This Amendment No. 4 (this “Amendment”) amends and supplements the Tender Offer Statement on Schedule TO filed by Moody’s Analytics Maryland Corp., a Maryland corporation (“Purchaser”), and Moody’s Corporation, a Delaware corporation (“Parent”), with the U.S. Securities and Exchange Commission (the “SEC”) on September 13, 2018 (together with any subsequent amendments and supplements thereto, the “Schedule TO”). The Schedule TO relates to the offer by Purchaser to purchase all of the issued and outstanding shares of common stock, $0.02 par value per share (the “Shares”), of Reis, Inc., a Maryland corporation (“Reis”), at a price of $23.00 per Share, net to the seller in cash, without interest and less any applicable withholding taxes, upon the terms and subject to the conditions described in the Offer to Purchase dated September 13, 2018 (together with any amendments or supplements thereto, the “Offer to Purchase”) and in the accompanying Letter of Transmittal (together with any amendments or supplements thereto and with the Offer to Purchase, the “Offer”), which are annexed to and filed with this Schedule TO as Exhibits (a)(1)(A) and (a)(1)(B), respectively. Purchaser is a wholly-owned subsidiary of Parent. This Amendment is being filed on behalf of Parent and Purchaser. Unless otherwise indicated, references to sections in this Schedule TO are references to sections of the Offer to Purchase.
This Amendment also constitutes Amendment No. 1 to the Schedule 13D (the “Schedule 13D”) filed jointly by Parent and Purchaser with the SEC on September 10, 2018 with respect to the Shares.
Amendments to the Schedule TO and the Schedule 13D
Items 1 through 11 of the Schedule TO and Item 5 of the Schedule 13D
The information set forth in Items 1 through 11 of the Schedule TO, to the extent such items incorporate by reference the information contained in the Offer to Purchase, are hereby amended and supplemented as follows:
At 11:59 p.m., Eastern Time, on October 12, 2018, the Offer expired. The Depositary advised Purchaser that, as of the expiration of the Offer, a total of 9,800,276 Shares (excluding Shares with respect to which notices of guaranteed delivery were delivered) were validly tendered and not validly withdrawn pursuant to the Offer, representing approximately 84.7% of the Shares outstanding as of the expiration of the Offer (excluding for purposes of determining such percentage all Shares held by Reis, Parent or any of their respective subsidiaries). In addition, the Depositary advised Purchaser that notices of guaranteed delivery have been delivered with respect to 41,983 additional Shares, representing approximately 0.4% of the outstanding Shares as of the expiration of the Offer (excluding for purposes of determining such percentage all Shares held by Reis, Parent or any of their respective subsidiaries).
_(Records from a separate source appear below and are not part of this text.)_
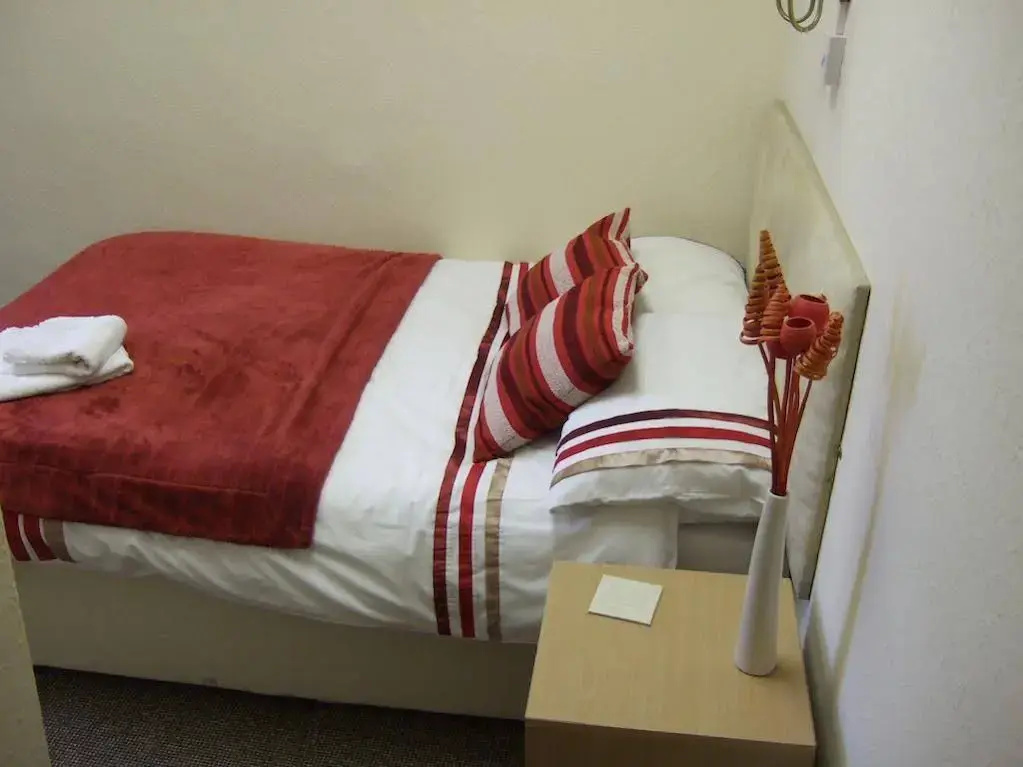 Hotel photo 13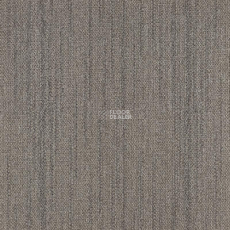 AW Marvel 94 фото 1 | FLOORDEALER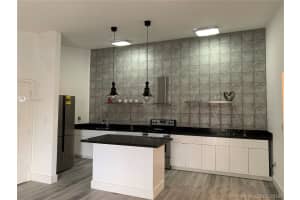 4750 NW 102nd Ave, Doral, FL 33178, Sold 07/01/19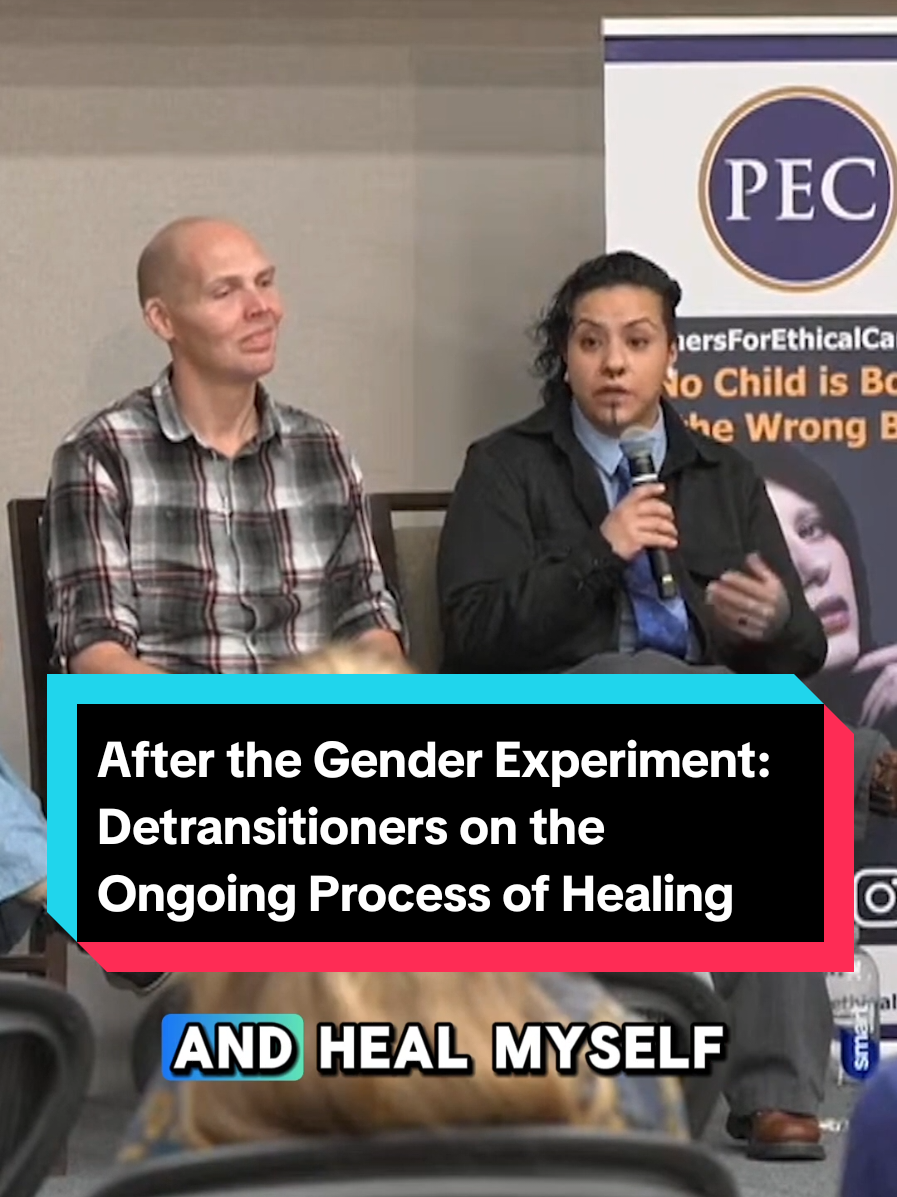 @Transition Justice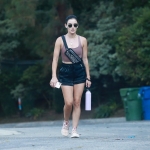 hikingla280820-046.jpg
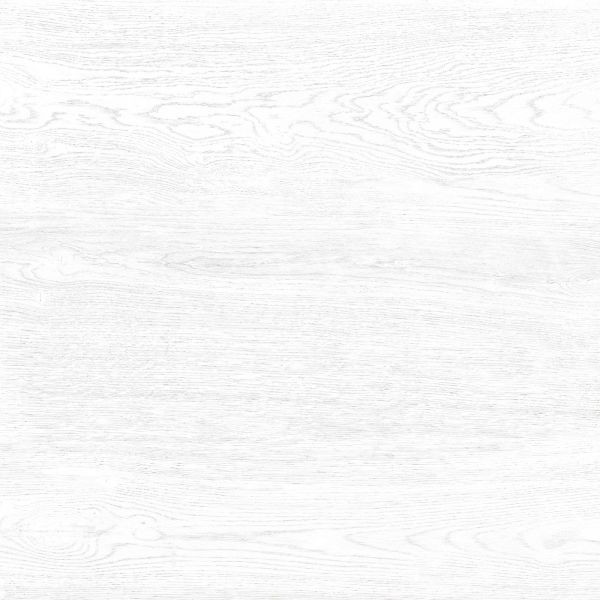 Плитка для пола Alma Ceramica Wood белый 41,8x41,8 TFU03WOD000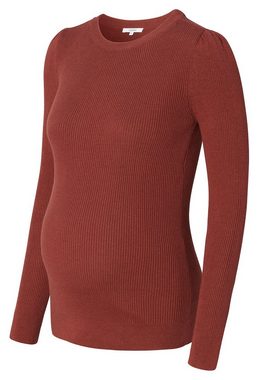 Noppies Umstandssweatshirt Pullovers Zana (1-tlg)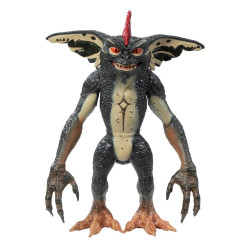 MINI MOHAWK GREMLINS FIGURINE FLEXIBLE BENDYFIGS 11 CM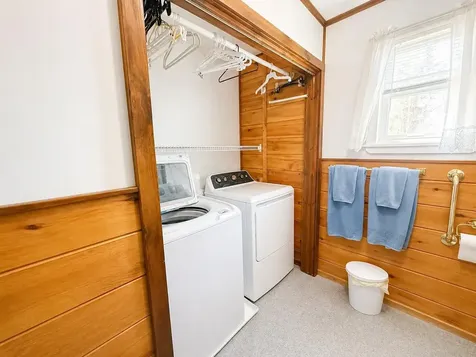 279 Fuller Road Carmel ME 04419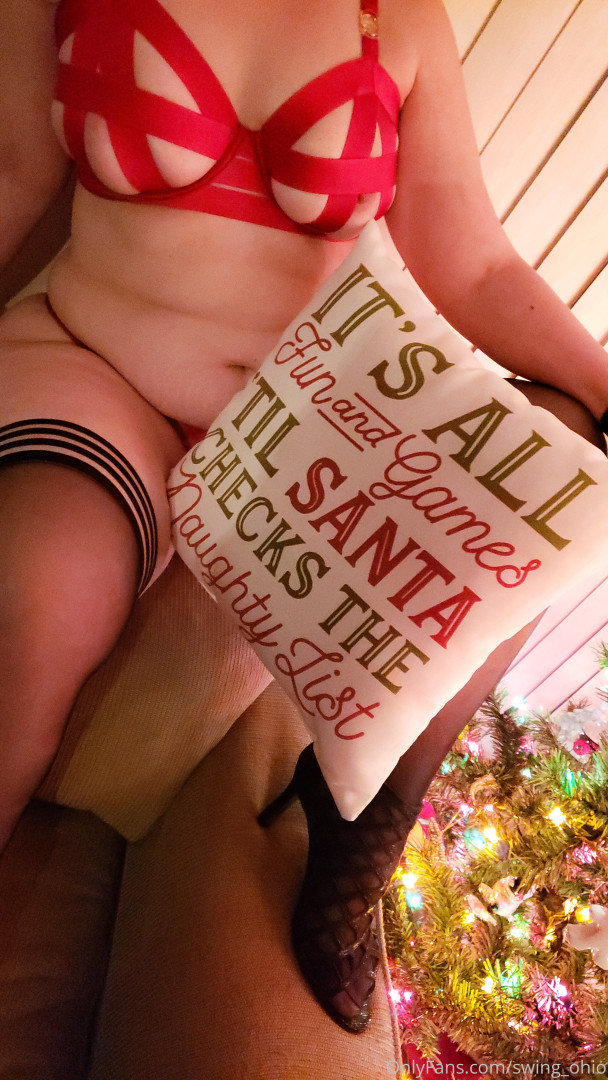 Photo by swing_ohio published on May 17,2023 09:54:58 - BestThots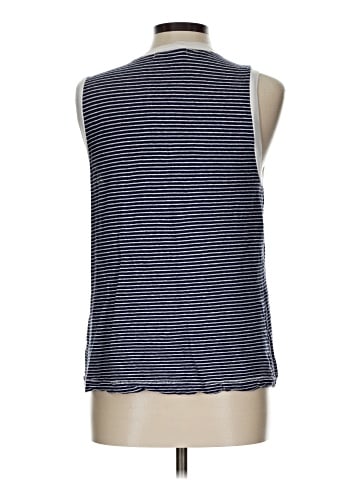 Stateside Sweater Vest (view 2)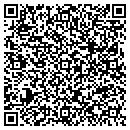 QR code with Web Advertising contacts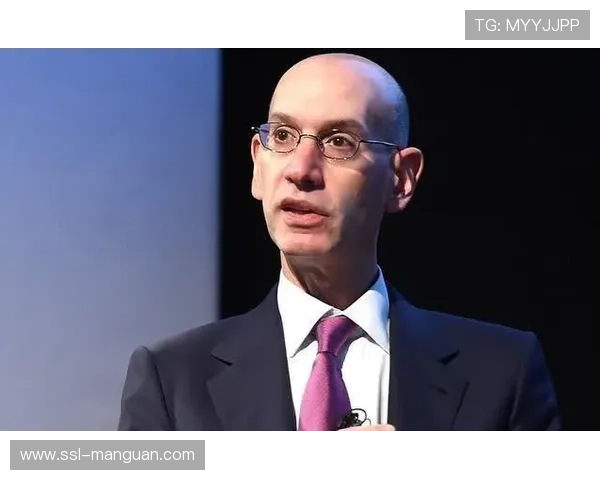 波特案四名男子认罪，NBA加强合规管理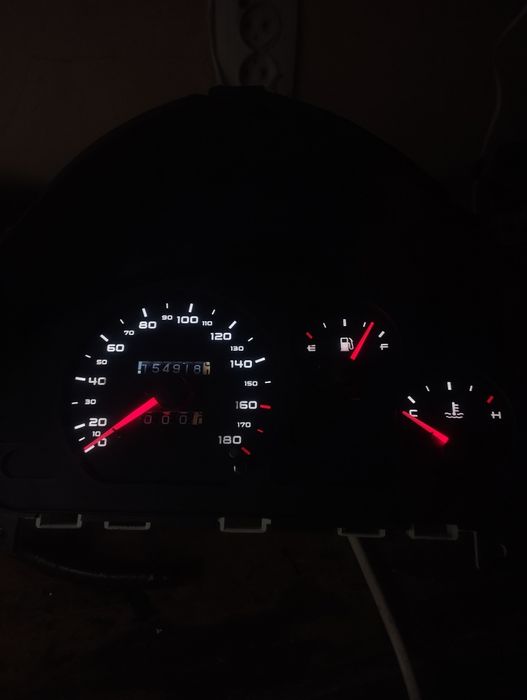 Matiz tablo tuning salon asvisheniya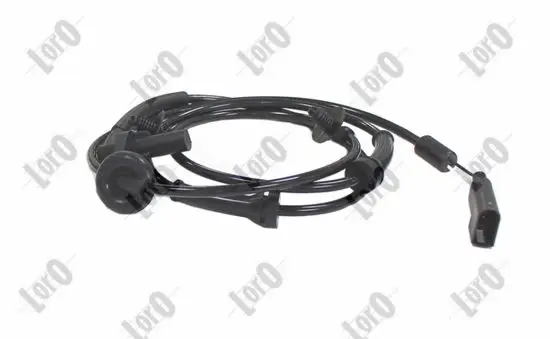 Must-Have ABAKUS 120-02-085 - Sensor, Raddrehzahl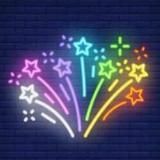 Игры🤹♂️, тесты🥳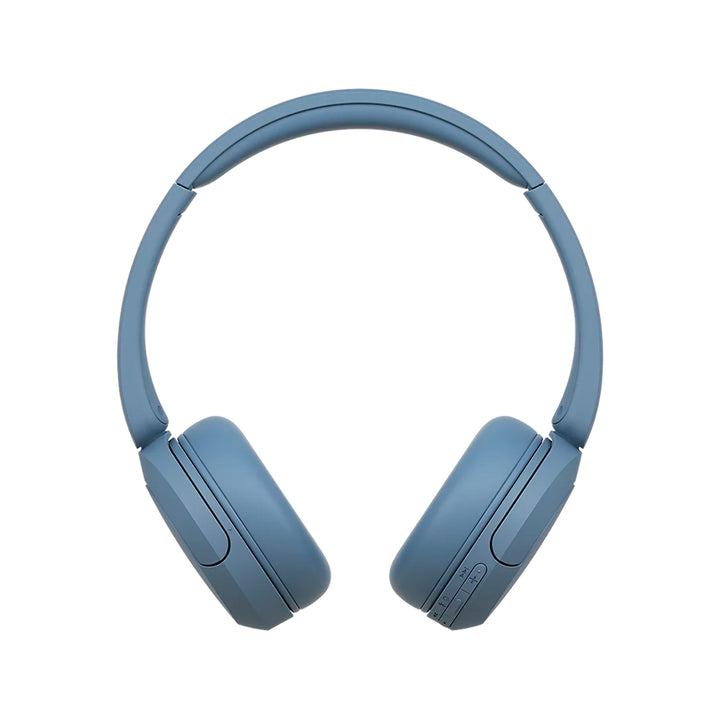 Audifonos Inalambricos Sony WH-CH520 Mic 50H - Achorao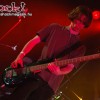 wackor_p2004_52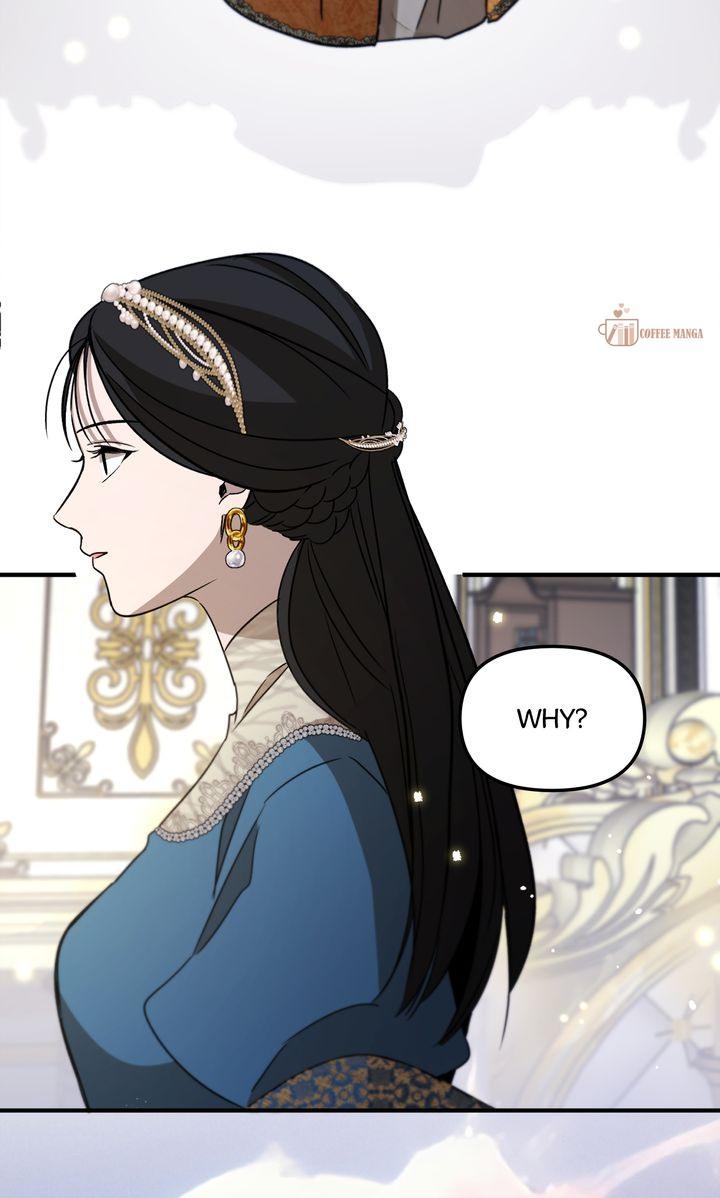 Dragondaily Chapter 57 page 72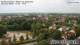 Dachau 15.07.2025 06:02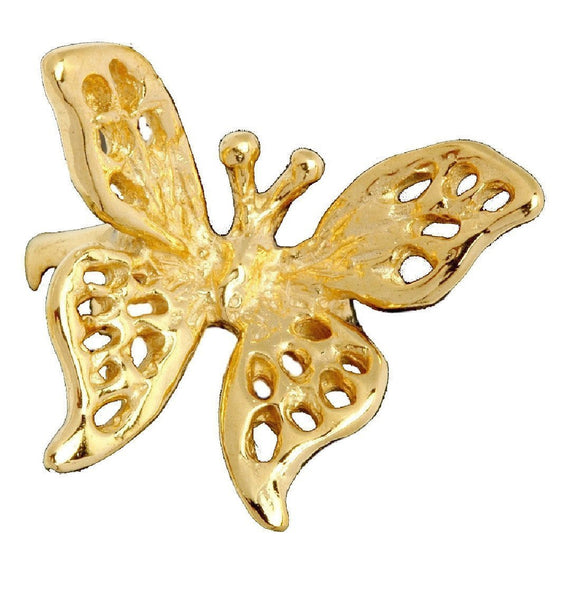 non-pierced ear cuff earrings - Ear Charms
As of the expiration of the Offer, the number of Shares validly tendered and not validly withdrawn pursuant to the Offer satisfied the Minimum Tender Condition, and all other conditions to the Offer were satisfied. Immediately after the expiration of the Offer, Purchaser irrevocably accepted for purchase and payment, and will as soon as reasonably practicable (and in any event no more than one business day after the time at which it accepted) pay for all Shares tendered and not validly withdrawn in the Offer (excluding Shares with respect to which notices of guaranteed delivery were delivered).
As a result of its acceptance of Shares tendered in the Offer, Purchaser now owns a sufficient number of Shares to complete the Merger pursuant to the Merger Agreement without a meeting of Reis’s stockholders in accordance withSection 3-106.1 of the Maryland General Corporations Law. At the Effective Time, each Share issued and outstanding immediately before the Effective Time (excluding Shares with respect to which notices of guaranteed delivery were delivered) will be automatically canceled and converted into the right to receive $23.00 per Share in cash, without interest and less any applicable withholding taxes.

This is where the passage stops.